# More power a list of options



## Diveratt (Aug 31, 2009)

OK after reading a few of the big turbo & re build posts I think I have worked out what the main performance upgrade steps are so here goes.

Working with the 225 (why would any one bother tuning a 180?) The figures are a bit ball park and once you get to the big turbo stage there are a lot of variables depending on the state of the car you are working on and what you can carry over from previous work.
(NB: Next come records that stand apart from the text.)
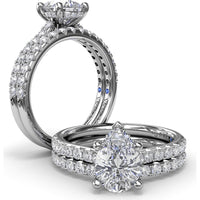 Pear-Shaped Engagement Ring Setting with Pavé Diamond Shank and Hidden Halo by Fana - 0.39 Carat Total Diamond Weight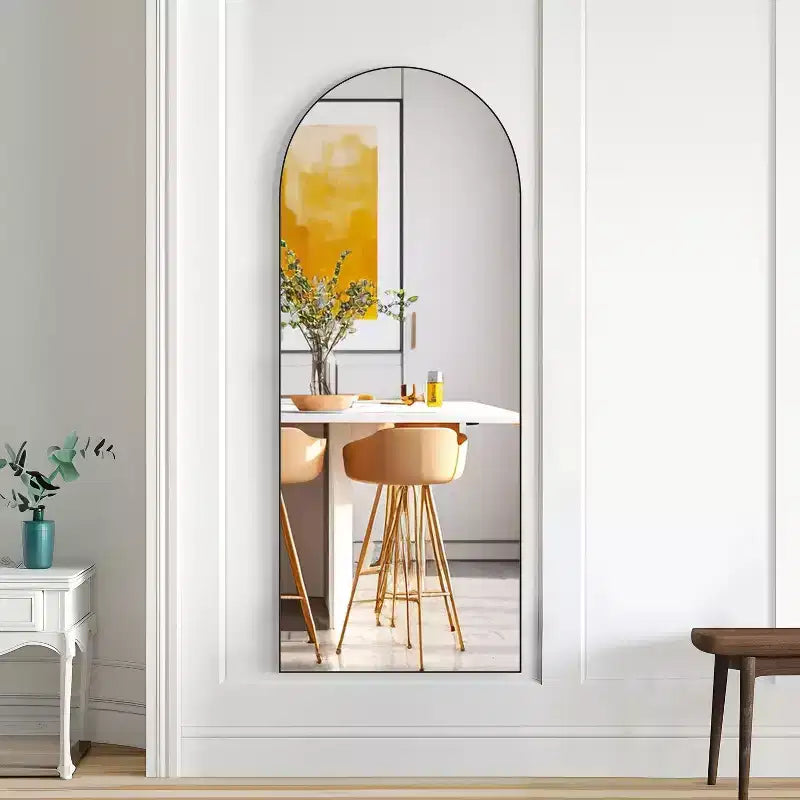 Miroir sur pied en bois à angle droit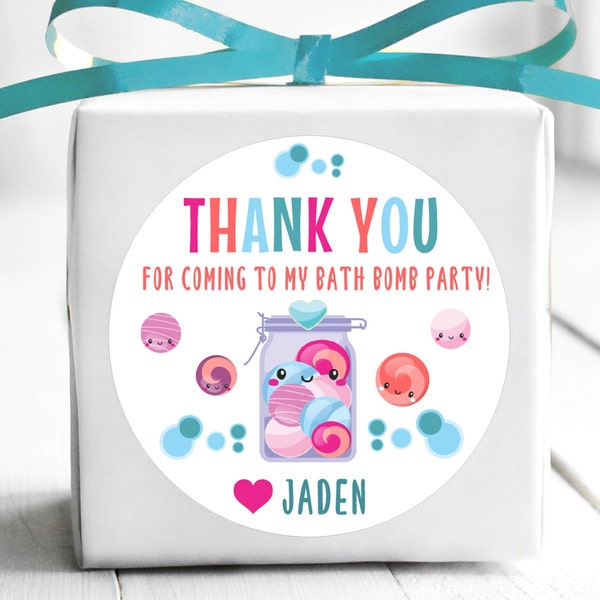 BOGO / Bath Bomb Birthday Thank You Stickers / Birthday Stickers Personalized Bath Bomb/ Personalized Birthday Label / Bath Bomb Tags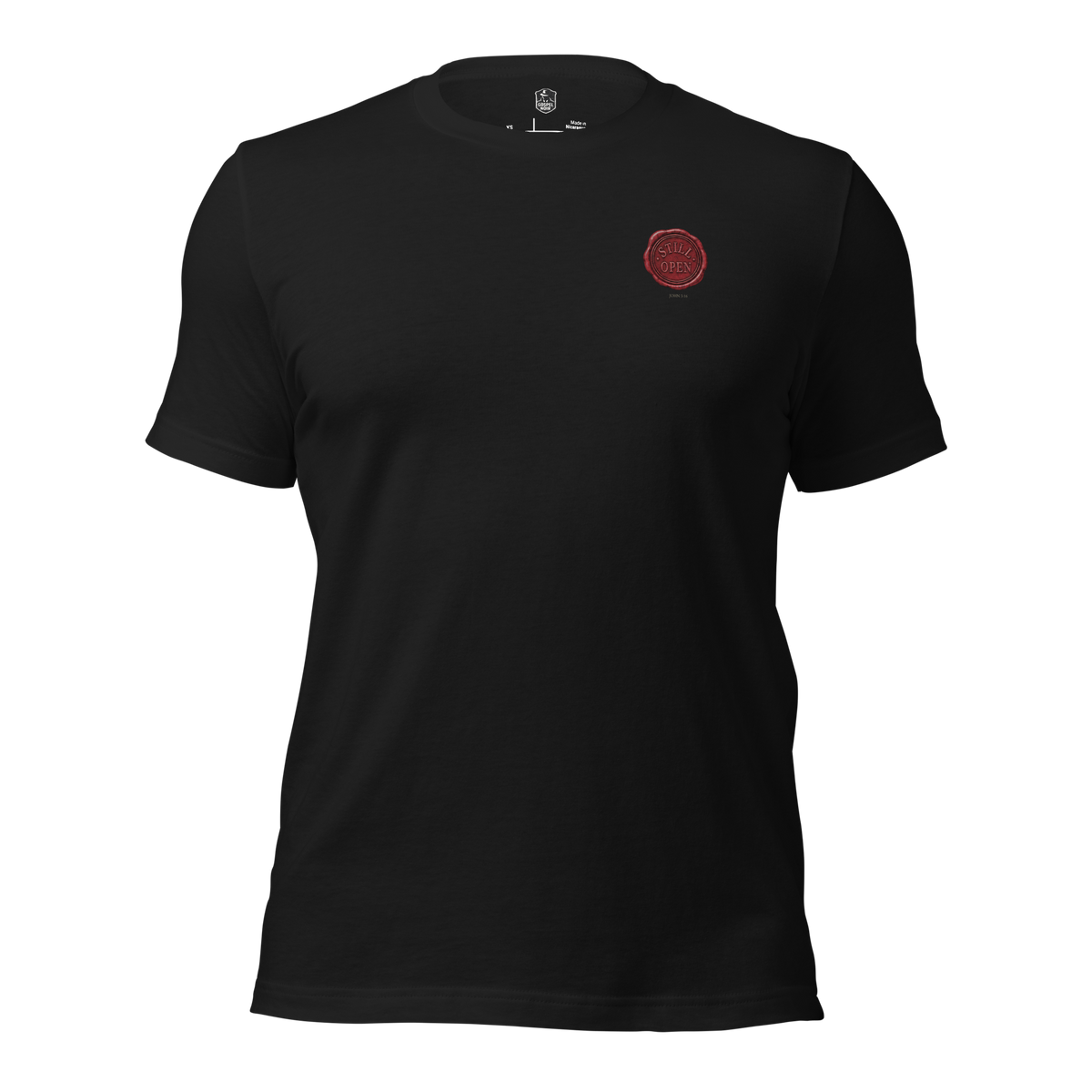 Still Open John 3:16 Christian T-Shirt – Vintage Black — vintage black, product view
Feel free to add anything you think I've missed and sense check the costs with some real world experience and I will edit the post accordingly .
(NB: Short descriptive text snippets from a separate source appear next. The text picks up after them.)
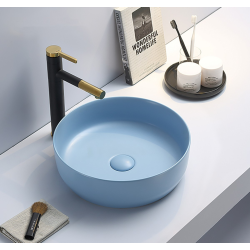 Swiss Aqua Technologies Countertop washbasin set 39x39x12 cm without overflow + Infinitio matte blue free-flow waste SetSATINF-bleu
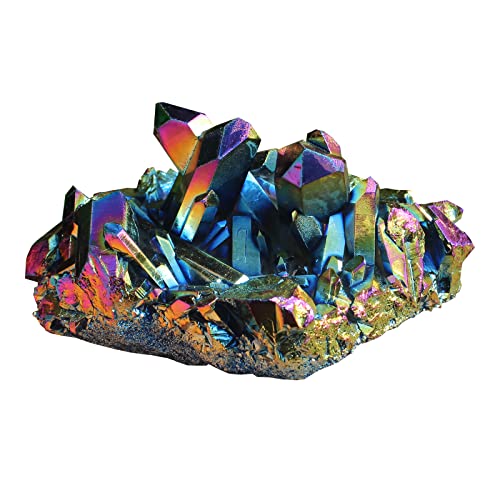 Lcgem Rainbow Healing Crystal Cluster, Natural Titanium Coated Rock, Irregular Quartz Cluster Home Decoration, Gemstone Specimen, Natural Geode Quartz Crystals, Reiki Crystal, Home Decorations Rock #TOP2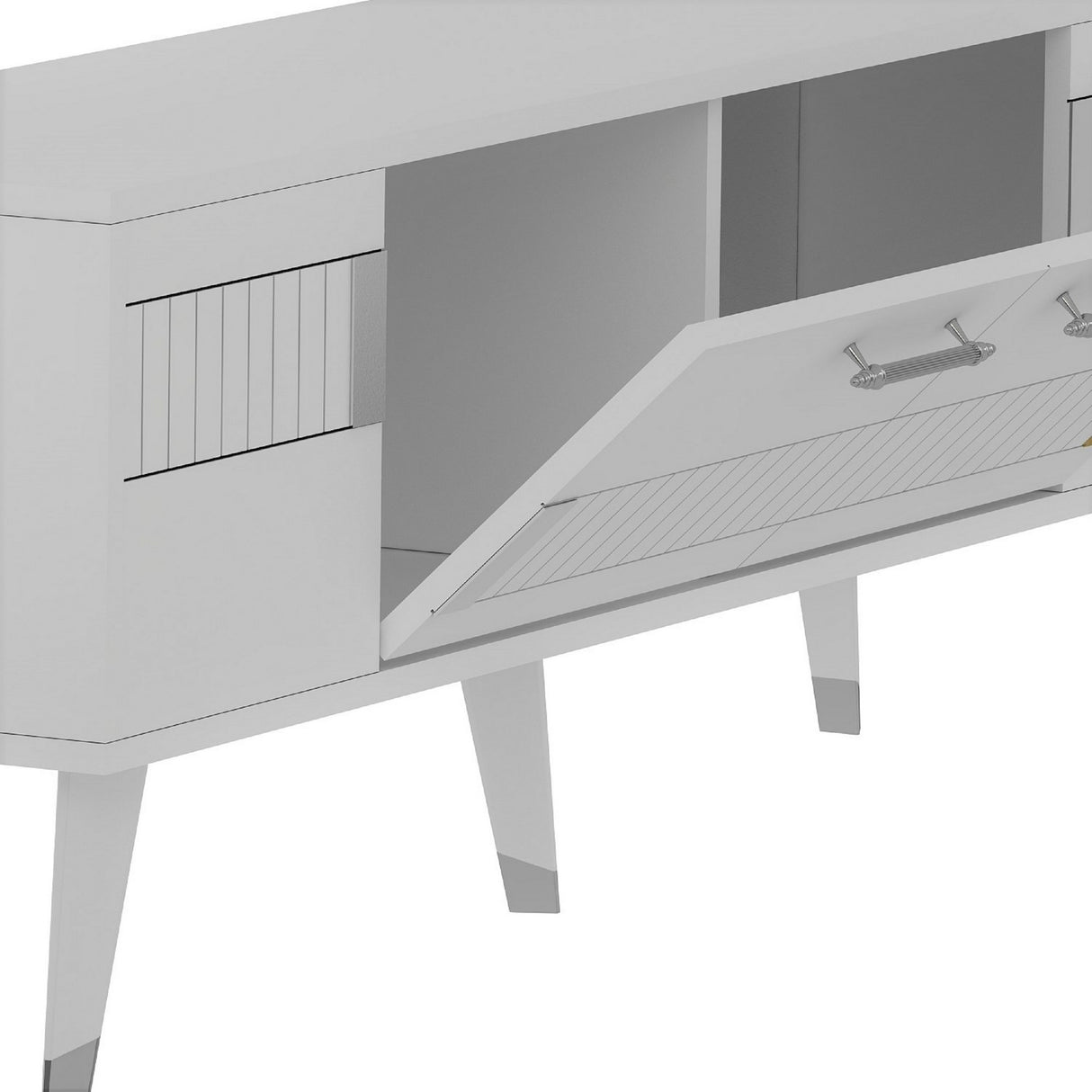 Comodă TV Moda, Diverse culori, 150x35x53 cm - Alb - Argintiu | SKU: 475OLV1434 | Comodă TV Moda, 150x35x53 cm, varianta Alb - Argintiu, produs pentru amenajarea locuinței, disponibil online în România la CasaMob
I have not done anything about handling, brakes or suspension so maybe some one else can do that if they are as bored as I am at the moment.

STAGE 1
Panel filter, WAK box, Cat back exhaust, stage 1 Map- £600 - 250 to 260 BHP

STAGE 2
Cone air filter/ CDA, Performance TIP, Alloy DV, FMIC, Sports cats or 3" DP option & cat back exhaust, Stage 2 map -£2000 - 270 to 290 BHP ( may req injectors and a custom map to hit the top BHP)

KO4 Hybrid
KO4 hybrid, exhaust manifold, injectors, Cone air filter/ CDA, Performance TIP, Alloy DV, FMIC, Sports cats or 3" DP option & cat back exhaust, custom map. - £4000 - 300 to 320 BHP

Big Turbo Basic
BT various types, exhaust manifold, injectors, Cone air filter/ CDA, Custom TIP, Custom charge pipe, Alloy DV, FMIC, 3" custom DP & cat back exhaust, custom map. - £4750 -350 to 375 BHP (limit due to possible impending rods/piston failure)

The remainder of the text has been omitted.